Le diagnostic réalisé par le FMI était pourtant prévisible. Même si les agrégats macroéconomiques se sont améliorés, la réalité est que le Bénin produit peu. En termes de produits vivriers, les ambitions agricoles du pays sont enterrées par les importations massives qui n’encouragent pas les producteurs. Quelques cas typiques pourraient nous servir d’illustration. Le premier, c’est le riz. Il y a quelques semaines, j’ai suivi le ministre nigérian de l’agriculture qui a laissé entendre que 2017 a permis au pays d’atteindre un taux d’autosuffisance en riz pour environ 90%. C’est-à-dire qu’actuellement, le pays satisfait 90% de sa consommation en riz à partir de ses propres productions.
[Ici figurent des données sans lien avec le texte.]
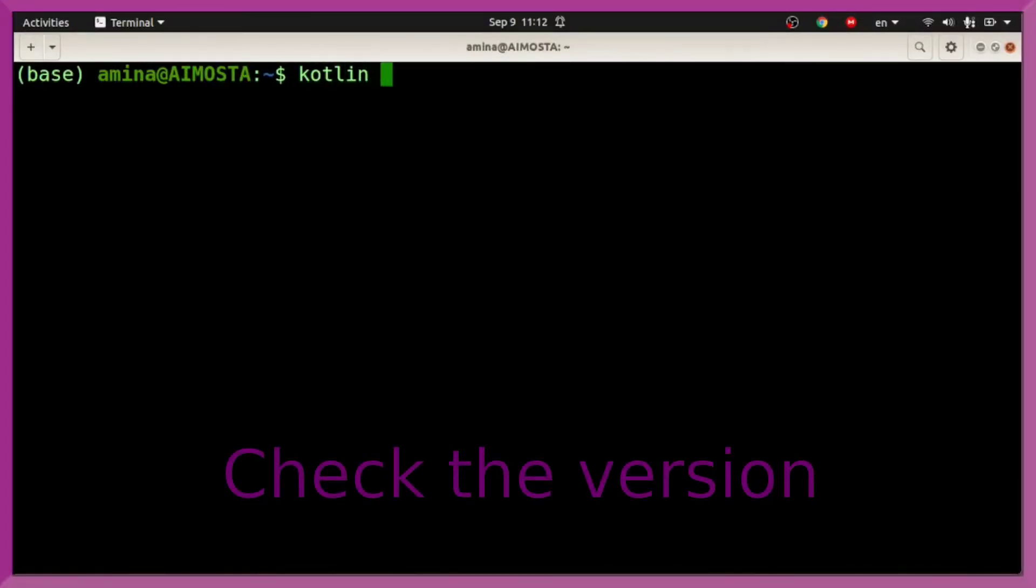To check the installation, just check the version of the language. Simply by typing kotlin -version.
Il y a quelques années, lorsque le Nigeria a lancé son programme d’autosuffisance en riz, j’ai fait partie de ceux qui ont douté de sa faisabilité. Aujourd’hui, le pays est en passe de la réaliser à cause de la mise en branle des synergies et d’une forte volonté politique. Non seulement, la politique agricole a été mise en place pour atteindre cet objectif à travers l’organisation des producteurs, la mise en place des semences de qualité et des produits phytosanitaires moins chers, mais aussi d’un encadrement technique approprié. Tout cela ne s’invente pas, cela s’organise. En aval de cette politique agricole, une politique commerciale l’a accompagnée, permettant de limiter férocement les importations de riz dans le pays. Autrement dit, il vous sera très difficile d’amener légalement du riz aujourd’hui au Nigeria, parce que le pays veut protéger coûte que coûte ses producteurs qui sont dans les villages et ont aussi besoin de vendre pour avoir des revenus. Alors question : pourquoi ne pouvons-nous pas mettre en place cette politique au Bénin pour que les petits producteurs de chez nous, ceux qui ne vont pas au port, ceux qui ne sont pas dans les GSM et autres banques, puissent avoir aussi un revenu ?
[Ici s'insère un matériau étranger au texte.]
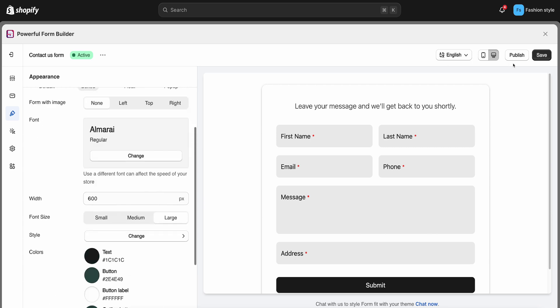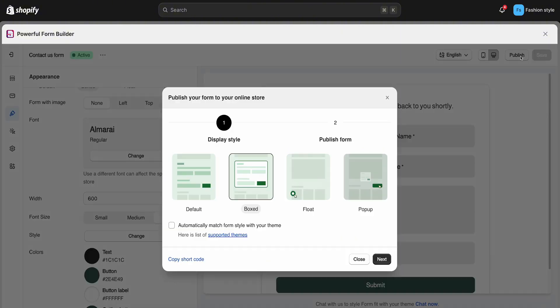After editing the form, click the Save button. Then publish the form to see how it works on the site.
Deuxième exemple, le secteur des huiles alimentaires. Le Bénin en importe massivement des pays asiatiques, et à bas prix. En tablant sur la qualité et la nécessité de sauvegarder la santé des populations, le Bénin pourrait valablement contrôler l’entrée sur son territoire de ces produits, en ouvrant par la même occasion l’opportunité à des huiliers locaux d’organiser les producteurs de chez nous pour fournir des matières premières utiles à une transformation porteuse d’emplois et de revenus. Non seulement, nous contrôlons efficacement ce qui atterrit dans les assiettes des Béninois, mais en même temps, nous pouvons donner des emplois et des revenus à des gens qui sont loin dans les villages.
Oui, le contrecoup de ces politiques, c’est l’amenuisement des recettes douanières apportées par les produits dont il s’agit. Mais le FMI nous a déjà montré qu’il vaut mieux lutter contre la paupérisation des gens les plus vulnérables que d’enrichir les oligarchies du commerce d’importation.